- Born: 16 August 1979 (age 47) Northampton, England

= Jaime Halsey =

British trampoline gymnast

Jaime Halsey (née Moore; born 16 August 1979) is a British former Olympic trampolinist. She represented her nation at the 2000 Summer Olympics, the first time the event was recognised by the competition. After a twenty-year career, Moore retired from gymnastics in January 2010 to focus on coaching.

==Biography==
Northampton-born Moore started out, at the age of five, as a gymnast, and five years later she took up trampolining after discovering beach trampolines in Great Yarmouth, where her parents used to take her on holiday. She was spotted by Tracy Whittaker-Smith, the coach of Northamptonshire Trampoline Gymnastics Academy. Moore joined the Academy, and Whittaker-Smith went on to be her coach for her entire career.

It was not long until Moore entered her first competition, which she won.

Moore came to prominence in 1994, aged 14, by winning the synchronised competition at the World Age Games and finishing second at the European Youth Championships. Two years later, she won the individual and team events.

In 1999, she became British champion and finished ninth at the World Championships in South Africa. It won her country the first place at the 2000 Summer Olympics in Sydney. In Australia, she finished twelfth. Injuries prevented her from appearing at the 2004 Games in Athens.

In July 2005 Moore won her sixth national title, but her first since coming out of retirement.

Also in 2005, reacting to the news that London had won the bid to host the 2012 Summer Olympics, Moore said: "It's going to be really brilliant. The Olympics is the most amazing experience an athlete can have. To be part of it, especially in your home country, has got to be just incredible."

On 25 November 2005, Moore and Claire Wright won the British Championship title in synchronised trampolining.

In 2006, she missed out on obtaining the British senior title by just a tenth of a point to compatriot Claire Wright.

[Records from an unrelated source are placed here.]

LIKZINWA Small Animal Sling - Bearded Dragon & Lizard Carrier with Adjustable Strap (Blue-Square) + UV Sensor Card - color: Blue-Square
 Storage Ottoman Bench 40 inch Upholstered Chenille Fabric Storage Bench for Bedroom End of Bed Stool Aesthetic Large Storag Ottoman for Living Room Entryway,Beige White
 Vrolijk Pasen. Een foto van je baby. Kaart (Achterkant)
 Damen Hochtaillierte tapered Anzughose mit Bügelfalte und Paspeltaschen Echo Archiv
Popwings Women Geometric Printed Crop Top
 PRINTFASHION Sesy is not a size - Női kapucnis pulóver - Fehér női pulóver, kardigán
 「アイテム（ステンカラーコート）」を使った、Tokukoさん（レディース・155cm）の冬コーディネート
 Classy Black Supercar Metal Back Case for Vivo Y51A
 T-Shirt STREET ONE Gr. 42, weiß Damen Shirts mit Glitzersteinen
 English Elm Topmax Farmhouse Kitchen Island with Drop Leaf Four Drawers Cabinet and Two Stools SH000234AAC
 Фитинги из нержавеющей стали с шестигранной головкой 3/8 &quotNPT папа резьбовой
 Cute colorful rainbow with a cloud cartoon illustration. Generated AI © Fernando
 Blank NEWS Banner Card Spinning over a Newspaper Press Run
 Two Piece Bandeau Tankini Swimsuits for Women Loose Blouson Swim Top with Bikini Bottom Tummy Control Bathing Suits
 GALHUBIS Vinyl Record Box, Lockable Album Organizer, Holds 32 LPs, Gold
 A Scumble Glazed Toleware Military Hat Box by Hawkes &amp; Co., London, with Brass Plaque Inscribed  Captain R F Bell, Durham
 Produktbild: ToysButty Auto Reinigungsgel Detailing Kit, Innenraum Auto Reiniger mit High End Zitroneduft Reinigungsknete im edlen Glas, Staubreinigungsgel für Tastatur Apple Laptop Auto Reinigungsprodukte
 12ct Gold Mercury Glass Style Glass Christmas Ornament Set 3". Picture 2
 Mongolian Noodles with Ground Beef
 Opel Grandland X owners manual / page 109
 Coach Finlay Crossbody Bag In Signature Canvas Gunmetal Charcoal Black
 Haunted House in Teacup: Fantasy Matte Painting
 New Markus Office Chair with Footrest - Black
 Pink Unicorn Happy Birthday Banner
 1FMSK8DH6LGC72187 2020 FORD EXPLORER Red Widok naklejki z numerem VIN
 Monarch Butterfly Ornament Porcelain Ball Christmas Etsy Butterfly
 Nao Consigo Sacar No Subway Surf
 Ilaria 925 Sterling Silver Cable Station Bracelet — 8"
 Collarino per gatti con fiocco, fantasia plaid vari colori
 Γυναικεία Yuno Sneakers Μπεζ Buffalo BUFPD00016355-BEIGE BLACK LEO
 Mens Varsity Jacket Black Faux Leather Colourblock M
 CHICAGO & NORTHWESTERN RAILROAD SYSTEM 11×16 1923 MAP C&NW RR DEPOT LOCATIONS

She did, however, break her own record for difficulty, with a 13.1 total.

Also in 2006, Moore attended the eighth FIG Trampoline and Tumbling World Cup final, which was held in Birmingham.

After winning Britain's place at the Beijing Olympics, Moore finished below Claire Wright in the European Championships and travelled to China as the reserve.

Moore continued to partake in top-level competitions, including finals at the British and European Championships, until 2008. Her final competition was the 2009 World Championships in Russia.

===Retirement===
Two years before the 2012 Summer Olympics in London, a 30-year-old Moore announced her retirement from gymnastics in order to concentrate on coaching.

===Media work===
In the early 1990s, Moore appeared in an episode of the British game show You Bet! in which the celebrity contestants had to predict whether or not the gymnast could perform a certain number of somersaults in an allotted timeframe.

In November 2000, Moore appeared on BBC One comedy sports quiz They Think It's All Over as a mystery guest in the Feel the Sportsman round.

==Personal life==
Moore married Steve Halsey in 2009. They have four daughters: Flo (born 2012) and triplets Eden, Amber and Erin (born 2015).